Preparation: 25 to 30 minutes
Freezing time: 3 hours minimum
Serves 6
Ingredients:
125 g dark chocolate, 3 tablespoons water, 3 level tablespoons powdered sugar,
3 egg yolks, 200 ml heavy cream,
1 packet vanilla sugar.
This luxurious no-churn chocolate parfait delivers the richness of ice cream without needing an ice cream maker. Prepare it the day before for the best texture.
Serve with optional hot fudge sauce for an extra indulgent touch.
Chill the heavy cream in a bowl in the refrigerator.
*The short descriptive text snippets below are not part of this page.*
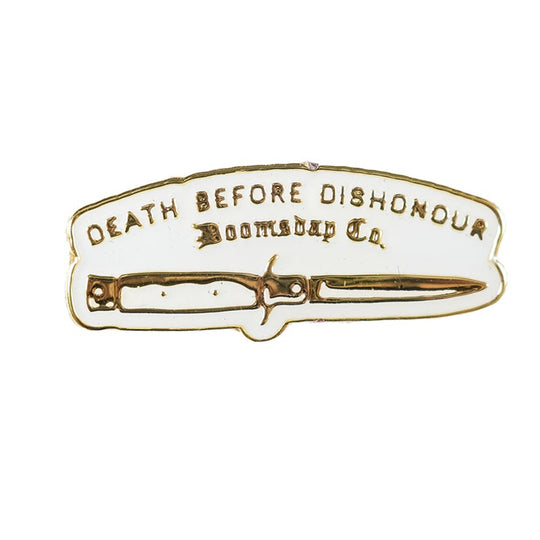 Death Before Dishonour White & Gold Pin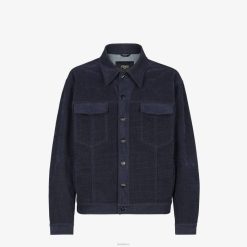 Fendi hombres Chaqueta de mezclilla 2LH8E2165 vestir azul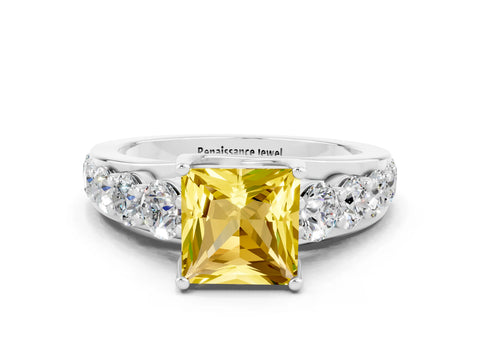 White gold Princess Cut Yellow Sapphire Engagement Ring with Pavé Band and Four-Prong Setting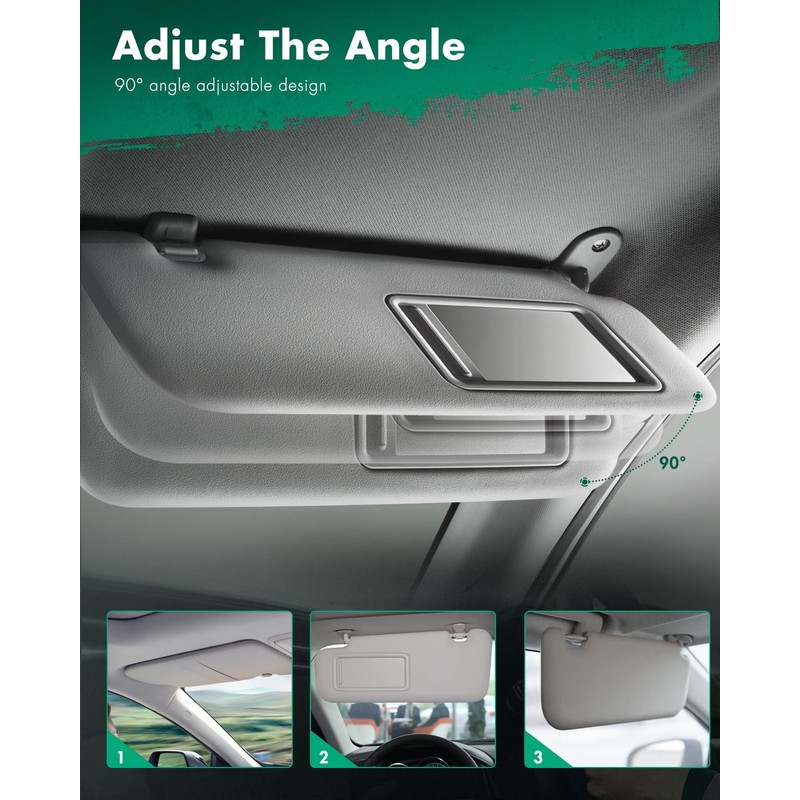 Gray Left Driver Side Car Sun Visor With Sunroof for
In a saucepan, break the chocolate into pieces and add the water. Melt over low heat until smooth. Stir in the powdered sugar until dissolved, then remove from heat. Gradually whisk in the egg yolks one by one. Refrigerate to cool.
Whip the chilled cream with the vanilla sugar using a hand whisk or electric mixer until it doubles in volume and holds soft peaks, like a light mayonnaise.
Fold the cooled chocolate mixture into the whipped cream until well combined. Transfer to a container and freeze.
Allow the parfait to soften for 15 minutes before serving to achieve the perfect consistency.
Serving options: Unmold by briefly dipping in hot water and inverting onto a dish; scoop into domes on plates surrounded by hot fudge sauce; or layer in glasses and top with warm hot fudge that sets into a creamy caramel topping.